Kış bahara evriliyor, bahar yaza, fark etmeden.

Yeryüzü kostümündeki koyu yeşillerin arasına, açık yeşilleri ekliyor yavaş yavaş. 

Farkında olmadan oluyor her şey, sessizce. Sessizce ve büyük bir "gürültü"yle geçiyor varoluşun mevsimleri. O gürültü ki sessizliğin nazik sesini kısıveriyor hoyratça. Oysa bazen, tüm gürültüye rağmen sessizlik sesini duyurmayı başarıyor. 

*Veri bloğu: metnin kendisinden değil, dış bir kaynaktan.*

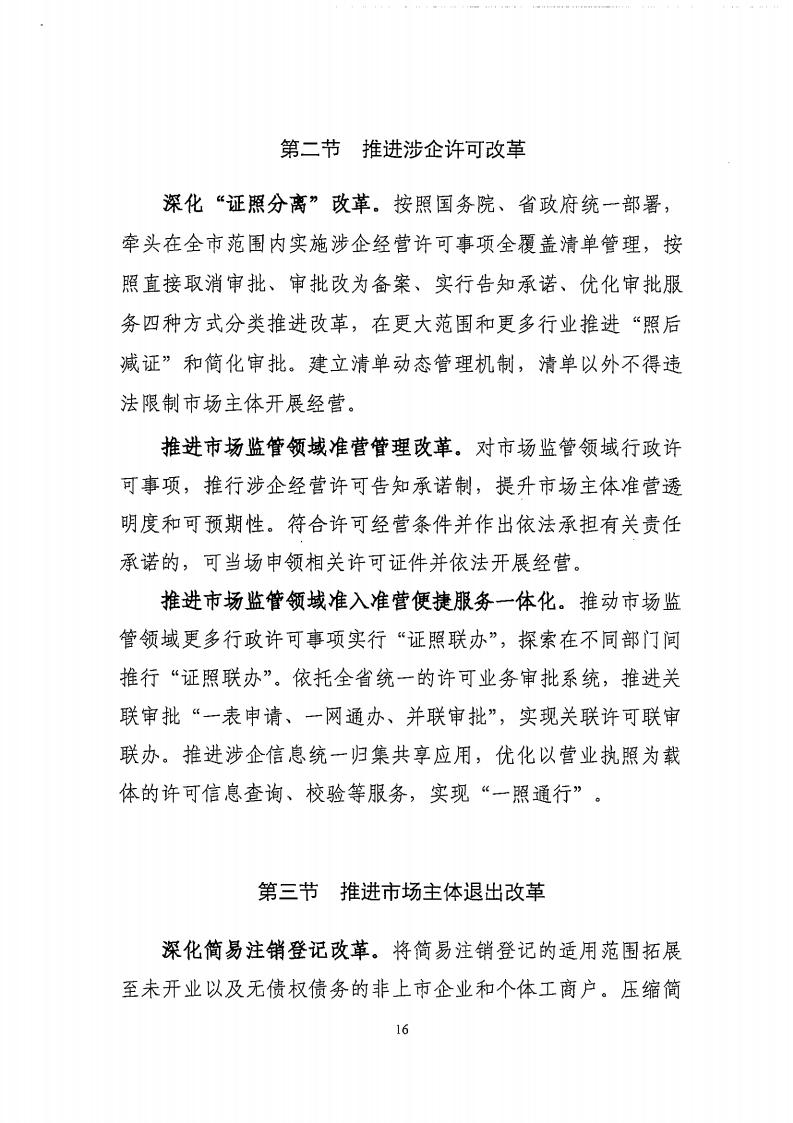 湛江市市场监督管理局 湛江市发展和改革局关于印发《湛江市市场监管现代化“十四五”规划》的通知_20.jpg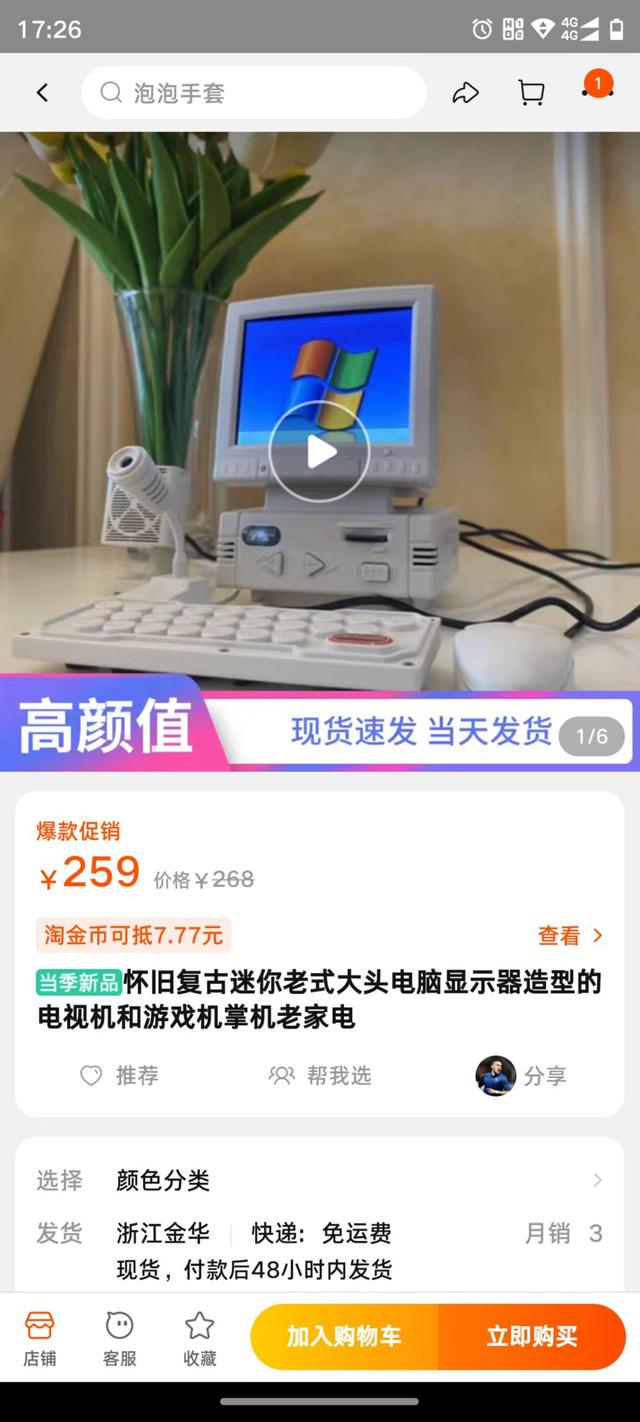 电脑主机京东和淘宝哪个好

Bir bahar yağmurunun eşsiz büyüsüne kapılıvermişken mesela. Muzip gün ışığı, bahar dallarındaki yağmur damlalarından göz kırparken, balkonundaki çiçeğin kıpkırmızı tomurcuklarını patlatmayı sürdürürken hayatın (varoluşun) seni daha kaç bahar şölenine davet edeceğini bilmezken, anneciğinin de böyle bir bahar günü, balkonunda en sevdiği çiçeğinin ona kıpkırmızı bir veda şöleni hazırladığı anı resmettiğinden bihaberken yaşamın hiçbir zerresinin ıskalanmayacak kadar eşsiz bir armağan olduğu, birdenbire kafana dank eder.